In the records below, begin at the line containing "PTN Negro Medias" and end at the line containing "Anthurium Plumeria Lei"; quote every line in that span exactly, including both boundary lines, and no others.

The records section start

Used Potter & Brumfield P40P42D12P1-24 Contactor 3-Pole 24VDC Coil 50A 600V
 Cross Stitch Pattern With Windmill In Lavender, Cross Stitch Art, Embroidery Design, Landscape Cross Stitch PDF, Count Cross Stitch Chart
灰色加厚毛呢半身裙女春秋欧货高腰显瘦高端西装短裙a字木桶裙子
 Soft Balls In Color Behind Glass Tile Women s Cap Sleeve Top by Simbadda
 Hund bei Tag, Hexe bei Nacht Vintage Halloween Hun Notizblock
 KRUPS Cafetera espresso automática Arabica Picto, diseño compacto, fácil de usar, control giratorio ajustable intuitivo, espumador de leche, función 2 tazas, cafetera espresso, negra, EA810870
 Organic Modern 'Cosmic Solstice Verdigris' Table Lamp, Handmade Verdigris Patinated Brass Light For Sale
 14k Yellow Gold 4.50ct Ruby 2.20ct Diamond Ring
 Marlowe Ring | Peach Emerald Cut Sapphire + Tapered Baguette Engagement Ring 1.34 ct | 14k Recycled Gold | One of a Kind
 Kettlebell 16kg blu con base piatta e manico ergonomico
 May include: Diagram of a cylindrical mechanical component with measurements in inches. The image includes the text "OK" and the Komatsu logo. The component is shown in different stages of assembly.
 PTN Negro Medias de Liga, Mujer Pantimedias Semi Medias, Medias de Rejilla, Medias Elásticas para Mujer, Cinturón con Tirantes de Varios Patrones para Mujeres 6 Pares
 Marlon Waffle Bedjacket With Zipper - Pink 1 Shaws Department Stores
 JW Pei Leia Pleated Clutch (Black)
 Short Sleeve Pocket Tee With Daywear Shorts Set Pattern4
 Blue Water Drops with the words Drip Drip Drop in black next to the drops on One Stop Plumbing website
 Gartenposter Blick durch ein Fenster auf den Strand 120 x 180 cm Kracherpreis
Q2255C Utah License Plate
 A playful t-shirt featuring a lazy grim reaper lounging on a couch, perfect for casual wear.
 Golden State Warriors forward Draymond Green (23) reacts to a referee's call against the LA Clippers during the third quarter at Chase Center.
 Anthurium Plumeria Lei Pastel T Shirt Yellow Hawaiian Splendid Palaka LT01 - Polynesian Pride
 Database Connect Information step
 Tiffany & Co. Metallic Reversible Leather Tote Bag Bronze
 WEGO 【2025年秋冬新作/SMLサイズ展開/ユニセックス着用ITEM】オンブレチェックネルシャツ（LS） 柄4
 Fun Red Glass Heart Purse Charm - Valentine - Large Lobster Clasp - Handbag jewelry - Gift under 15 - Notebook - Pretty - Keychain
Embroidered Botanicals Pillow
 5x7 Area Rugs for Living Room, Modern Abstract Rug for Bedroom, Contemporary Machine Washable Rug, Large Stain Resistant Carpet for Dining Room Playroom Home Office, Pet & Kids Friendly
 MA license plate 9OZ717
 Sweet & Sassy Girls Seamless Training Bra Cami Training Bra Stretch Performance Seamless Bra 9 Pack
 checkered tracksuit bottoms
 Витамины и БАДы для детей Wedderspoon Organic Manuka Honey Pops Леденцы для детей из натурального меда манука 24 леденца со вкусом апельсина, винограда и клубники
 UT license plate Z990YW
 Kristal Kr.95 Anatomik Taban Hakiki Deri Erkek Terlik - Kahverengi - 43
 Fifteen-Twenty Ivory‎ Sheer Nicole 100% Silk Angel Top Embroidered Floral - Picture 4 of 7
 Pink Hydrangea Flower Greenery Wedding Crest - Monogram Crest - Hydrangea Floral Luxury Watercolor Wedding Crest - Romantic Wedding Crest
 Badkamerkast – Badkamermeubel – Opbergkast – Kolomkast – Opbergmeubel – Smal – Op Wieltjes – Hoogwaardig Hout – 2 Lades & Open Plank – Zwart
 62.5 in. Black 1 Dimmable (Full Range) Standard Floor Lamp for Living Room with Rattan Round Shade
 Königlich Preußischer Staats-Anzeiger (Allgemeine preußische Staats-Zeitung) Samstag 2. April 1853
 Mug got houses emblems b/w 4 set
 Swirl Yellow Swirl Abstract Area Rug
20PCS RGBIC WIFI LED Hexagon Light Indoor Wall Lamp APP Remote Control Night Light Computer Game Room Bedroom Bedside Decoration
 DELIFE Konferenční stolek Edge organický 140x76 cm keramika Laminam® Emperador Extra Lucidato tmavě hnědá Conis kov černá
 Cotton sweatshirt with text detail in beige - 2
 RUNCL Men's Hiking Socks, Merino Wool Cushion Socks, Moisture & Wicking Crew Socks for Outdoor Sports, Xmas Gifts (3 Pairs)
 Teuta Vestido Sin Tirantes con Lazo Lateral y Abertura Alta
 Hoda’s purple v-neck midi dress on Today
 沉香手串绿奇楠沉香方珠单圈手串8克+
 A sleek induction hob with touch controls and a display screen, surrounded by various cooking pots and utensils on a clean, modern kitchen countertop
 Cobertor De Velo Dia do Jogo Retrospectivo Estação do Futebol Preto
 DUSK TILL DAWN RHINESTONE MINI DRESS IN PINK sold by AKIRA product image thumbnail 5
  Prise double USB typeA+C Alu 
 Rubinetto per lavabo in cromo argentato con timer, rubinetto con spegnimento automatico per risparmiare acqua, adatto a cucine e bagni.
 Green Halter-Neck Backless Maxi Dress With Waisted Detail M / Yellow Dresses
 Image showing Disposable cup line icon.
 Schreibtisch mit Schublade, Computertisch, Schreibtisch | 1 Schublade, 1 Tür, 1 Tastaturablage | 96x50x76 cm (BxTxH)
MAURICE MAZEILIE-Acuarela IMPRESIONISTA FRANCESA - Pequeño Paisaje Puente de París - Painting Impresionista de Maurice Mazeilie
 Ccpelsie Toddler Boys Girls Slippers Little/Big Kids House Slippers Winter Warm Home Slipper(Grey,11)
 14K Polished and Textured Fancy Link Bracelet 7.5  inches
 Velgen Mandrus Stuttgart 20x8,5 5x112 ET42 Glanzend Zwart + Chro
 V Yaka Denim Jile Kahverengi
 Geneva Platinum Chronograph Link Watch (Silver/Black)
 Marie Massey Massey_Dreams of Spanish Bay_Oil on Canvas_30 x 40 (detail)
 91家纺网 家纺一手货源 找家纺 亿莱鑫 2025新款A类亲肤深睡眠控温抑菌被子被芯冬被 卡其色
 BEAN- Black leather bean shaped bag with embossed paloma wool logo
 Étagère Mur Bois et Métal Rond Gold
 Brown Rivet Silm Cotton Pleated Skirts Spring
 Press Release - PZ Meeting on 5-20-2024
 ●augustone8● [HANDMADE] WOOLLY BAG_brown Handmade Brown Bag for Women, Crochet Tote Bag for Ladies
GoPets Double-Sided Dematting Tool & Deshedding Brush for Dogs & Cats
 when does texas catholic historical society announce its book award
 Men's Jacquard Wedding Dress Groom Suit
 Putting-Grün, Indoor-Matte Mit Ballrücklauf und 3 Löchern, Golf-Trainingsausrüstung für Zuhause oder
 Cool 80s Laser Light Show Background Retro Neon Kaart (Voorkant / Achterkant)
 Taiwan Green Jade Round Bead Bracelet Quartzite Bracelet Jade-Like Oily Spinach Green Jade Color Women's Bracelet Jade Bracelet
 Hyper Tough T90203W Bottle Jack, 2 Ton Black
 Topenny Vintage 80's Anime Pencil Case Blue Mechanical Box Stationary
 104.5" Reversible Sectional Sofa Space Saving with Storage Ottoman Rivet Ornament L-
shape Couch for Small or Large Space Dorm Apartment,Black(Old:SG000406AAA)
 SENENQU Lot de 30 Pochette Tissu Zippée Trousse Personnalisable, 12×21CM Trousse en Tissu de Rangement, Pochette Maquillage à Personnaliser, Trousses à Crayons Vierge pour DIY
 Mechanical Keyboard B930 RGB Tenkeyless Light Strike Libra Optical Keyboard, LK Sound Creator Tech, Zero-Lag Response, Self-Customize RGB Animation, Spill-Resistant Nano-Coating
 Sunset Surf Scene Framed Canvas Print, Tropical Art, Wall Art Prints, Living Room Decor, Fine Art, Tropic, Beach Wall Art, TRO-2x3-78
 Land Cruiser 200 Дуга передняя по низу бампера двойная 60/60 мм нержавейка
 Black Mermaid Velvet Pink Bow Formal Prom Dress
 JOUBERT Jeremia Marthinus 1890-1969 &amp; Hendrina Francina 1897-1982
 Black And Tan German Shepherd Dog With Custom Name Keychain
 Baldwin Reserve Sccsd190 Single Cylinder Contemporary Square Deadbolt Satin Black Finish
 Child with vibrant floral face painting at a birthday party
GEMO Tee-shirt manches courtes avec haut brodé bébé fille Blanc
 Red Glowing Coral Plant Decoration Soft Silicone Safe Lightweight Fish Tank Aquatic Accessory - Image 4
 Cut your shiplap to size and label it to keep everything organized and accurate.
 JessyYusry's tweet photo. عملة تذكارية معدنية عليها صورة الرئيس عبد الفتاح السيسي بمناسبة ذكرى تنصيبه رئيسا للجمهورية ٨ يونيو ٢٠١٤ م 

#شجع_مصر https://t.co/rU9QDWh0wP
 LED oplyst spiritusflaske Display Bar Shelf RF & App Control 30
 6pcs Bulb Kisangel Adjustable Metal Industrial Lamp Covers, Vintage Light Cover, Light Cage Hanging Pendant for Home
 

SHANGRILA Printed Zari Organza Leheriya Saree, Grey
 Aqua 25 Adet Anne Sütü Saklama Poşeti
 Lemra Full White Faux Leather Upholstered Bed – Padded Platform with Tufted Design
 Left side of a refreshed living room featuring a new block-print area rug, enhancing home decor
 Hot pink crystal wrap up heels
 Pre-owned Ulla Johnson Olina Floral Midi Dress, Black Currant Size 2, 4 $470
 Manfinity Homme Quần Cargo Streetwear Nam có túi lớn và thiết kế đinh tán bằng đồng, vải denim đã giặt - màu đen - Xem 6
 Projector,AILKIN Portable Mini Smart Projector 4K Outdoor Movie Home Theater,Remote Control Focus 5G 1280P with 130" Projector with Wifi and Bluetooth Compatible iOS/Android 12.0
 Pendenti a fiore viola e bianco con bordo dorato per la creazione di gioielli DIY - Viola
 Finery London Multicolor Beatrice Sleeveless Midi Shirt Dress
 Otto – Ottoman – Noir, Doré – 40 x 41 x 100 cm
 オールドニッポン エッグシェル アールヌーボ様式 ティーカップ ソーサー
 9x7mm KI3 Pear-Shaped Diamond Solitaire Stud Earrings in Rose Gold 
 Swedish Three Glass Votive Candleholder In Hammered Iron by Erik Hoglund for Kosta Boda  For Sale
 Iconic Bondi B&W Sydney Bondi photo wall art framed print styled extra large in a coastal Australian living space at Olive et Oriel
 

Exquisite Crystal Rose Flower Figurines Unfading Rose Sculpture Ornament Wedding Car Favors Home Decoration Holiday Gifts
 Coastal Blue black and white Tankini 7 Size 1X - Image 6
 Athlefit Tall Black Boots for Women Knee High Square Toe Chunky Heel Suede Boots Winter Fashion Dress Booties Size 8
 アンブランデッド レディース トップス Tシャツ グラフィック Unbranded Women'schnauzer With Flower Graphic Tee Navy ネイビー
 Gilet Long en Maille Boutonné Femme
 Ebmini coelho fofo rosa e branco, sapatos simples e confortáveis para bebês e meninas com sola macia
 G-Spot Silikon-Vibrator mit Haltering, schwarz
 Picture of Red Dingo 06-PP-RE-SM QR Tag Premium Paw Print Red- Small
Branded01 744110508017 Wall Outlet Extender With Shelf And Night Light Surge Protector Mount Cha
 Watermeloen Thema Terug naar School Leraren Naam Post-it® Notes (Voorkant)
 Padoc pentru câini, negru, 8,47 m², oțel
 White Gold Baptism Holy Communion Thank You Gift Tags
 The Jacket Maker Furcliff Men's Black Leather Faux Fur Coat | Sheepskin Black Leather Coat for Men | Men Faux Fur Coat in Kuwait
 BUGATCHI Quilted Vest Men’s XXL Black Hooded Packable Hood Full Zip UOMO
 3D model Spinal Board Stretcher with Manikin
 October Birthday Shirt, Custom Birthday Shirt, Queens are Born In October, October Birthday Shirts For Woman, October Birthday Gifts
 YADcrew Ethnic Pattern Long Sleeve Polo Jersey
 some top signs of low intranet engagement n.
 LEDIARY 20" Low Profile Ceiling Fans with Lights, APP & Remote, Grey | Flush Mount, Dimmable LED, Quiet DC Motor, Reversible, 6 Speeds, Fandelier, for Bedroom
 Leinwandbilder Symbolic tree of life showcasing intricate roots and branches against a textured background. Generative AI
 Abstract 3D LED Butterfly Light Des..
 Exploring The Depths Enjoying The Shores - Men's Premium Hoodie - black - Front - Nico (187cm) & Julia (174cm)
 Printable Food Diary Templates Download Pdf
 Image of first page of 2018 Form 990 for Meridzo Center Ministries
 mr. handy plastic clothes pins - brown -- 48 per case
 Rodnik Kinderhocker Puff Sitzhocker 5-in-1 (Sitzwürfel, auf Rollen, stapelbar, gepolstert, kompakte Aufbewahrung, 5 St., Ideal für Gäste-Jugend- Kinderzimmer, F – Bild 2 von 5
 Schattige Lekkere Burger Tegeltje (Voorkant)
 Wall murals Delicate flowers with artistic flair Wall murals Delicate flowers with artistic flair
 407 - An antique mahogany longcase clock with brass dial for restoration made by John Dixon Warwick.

The records section end

- Exercise response:
 PTN Negro Medias de Liga, Mujer Pantimedias Semi Medias, Medias de Rejilla, Medias Elásticas para Mujer, Cinturón con Tirantes de Varios Patrones para Mujeres 6 Pares
 Marlon Waffle Bedjacket With Zipper - Pink 1 Shaws Department Stores
 JW Pei Leia Pleated Clutch (Black)
 Short Sleeve Pocket Tee With Daywear Shorts Set Pattern4
 Blue Water Drops with the words Drip Drip Drop in black next to the drops on One Stop Plumbing website
 Gartenposter Blick durch ein Fenster auf den Strand 120 x 180 cm Kracherpreis
Q2255C Utah License Plate
 A playful t-shirt featuring a lazy grim reaper lounging on a couch, perfect for casual wear.
 Golden State Warriors forward Draymond Green (23) reacts to a referee's call against the LA Clippers during the third quarter at Chase Center.
 Anthurium Plumeria Lei Pastel T Shirt Yellow Hawaiian Splendid Palaka LT01 - Polynesian Pride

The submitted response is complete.